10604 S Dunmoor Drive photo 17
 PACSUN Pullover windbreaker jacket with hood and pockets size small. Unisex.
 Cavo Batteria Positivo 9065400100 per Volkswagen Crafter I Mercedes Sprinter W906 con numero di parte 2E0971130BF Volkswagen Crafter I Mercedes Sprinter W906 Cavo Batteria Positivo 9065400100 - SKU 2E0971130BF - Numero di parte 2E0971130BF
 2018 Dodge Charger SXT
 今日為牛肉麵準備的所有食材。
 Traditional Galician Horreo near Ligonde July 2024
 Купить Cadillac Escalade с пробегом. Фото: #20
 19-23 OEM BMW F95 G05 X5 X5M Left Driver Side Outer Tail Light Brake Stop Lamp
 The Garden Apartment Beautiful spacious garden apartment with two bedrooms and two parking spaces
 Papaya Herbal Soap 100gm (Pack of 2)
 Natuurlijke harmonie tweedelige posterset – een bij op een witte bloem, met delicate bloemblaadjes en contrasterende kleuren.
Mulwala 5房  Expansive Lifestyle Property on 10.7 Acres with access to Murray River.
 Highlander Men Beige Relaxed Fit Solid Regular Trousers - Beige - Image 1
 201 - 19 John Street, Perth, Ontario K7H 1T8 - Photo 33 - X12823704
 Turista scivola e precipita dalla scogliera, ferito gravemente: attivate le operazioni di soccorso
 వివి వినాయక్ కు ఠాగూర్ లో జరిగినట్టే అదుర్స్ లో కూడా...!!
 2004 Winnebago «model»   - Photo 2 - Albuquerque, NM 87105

#####

[WHAT IS EXPECTED]: What's wanted here is every record, retyped exactly as shown above.

[EXERCISE OUTPUT]:
10604 S Dunmoor Drive photo 17
 PACSUN Pullover windbreaker jacket with hood and pockets size small. Unisex.
 Cavo Batteria Positivo 9065400100 per Volkswagen Crafter I Mercedes Sprinter W906 con numero di parte 2E0971130BF Volkswagen Crafter I Mercedes Sprinter W906 Cavo Batteria Positivo 9065400100 - SKU 2E0971130BF - Numero di parte 2E0971130BF
 2018 Dodge Charger SXT
 今日為牛肉麵準備的所有食材。
 Traditional Galician Horreo near Ligonde July 2024
 Купить Cadillac Escalade с пробегом. Фото: #20
 19-23 OEM BMW F95 G05 X5 X5M Left Driver Side Outer Tail Light Brake Stop Lamp
 The Garden Apartment Beautiful spacious garden apartment with two bedrooms and two parking spaces
 Papaya Herbal Soap 100gm (Pack of 2)
 Natuurlijke harmonie tweedelige posterset – een bij op een witte bloem, met delicate bloemblaadjes en contrasterende kleuren.
Mulwala 5房  Expansive Lifestyle Property on 10.7 Acres with access to Murray River.
 Highlander Men Beige Relaxed Fit Solid Regular Trousers - Beige - Image 1
 201 - 19 John Street, Perth, Ontario K7H 1T8 - Photo 33 - X12823704
 Turista scivola e precipita dalla scogliera, ferito gravemente: attivate le operazioni di soccorso
 వివి వినాయక్ కు ఠాగూర్ లో జరిగినట్టే అదుర్స్ లో కూడా...!!
 2004 Winnebago «model»   - Photo 2 - Albuquerque, NM 87105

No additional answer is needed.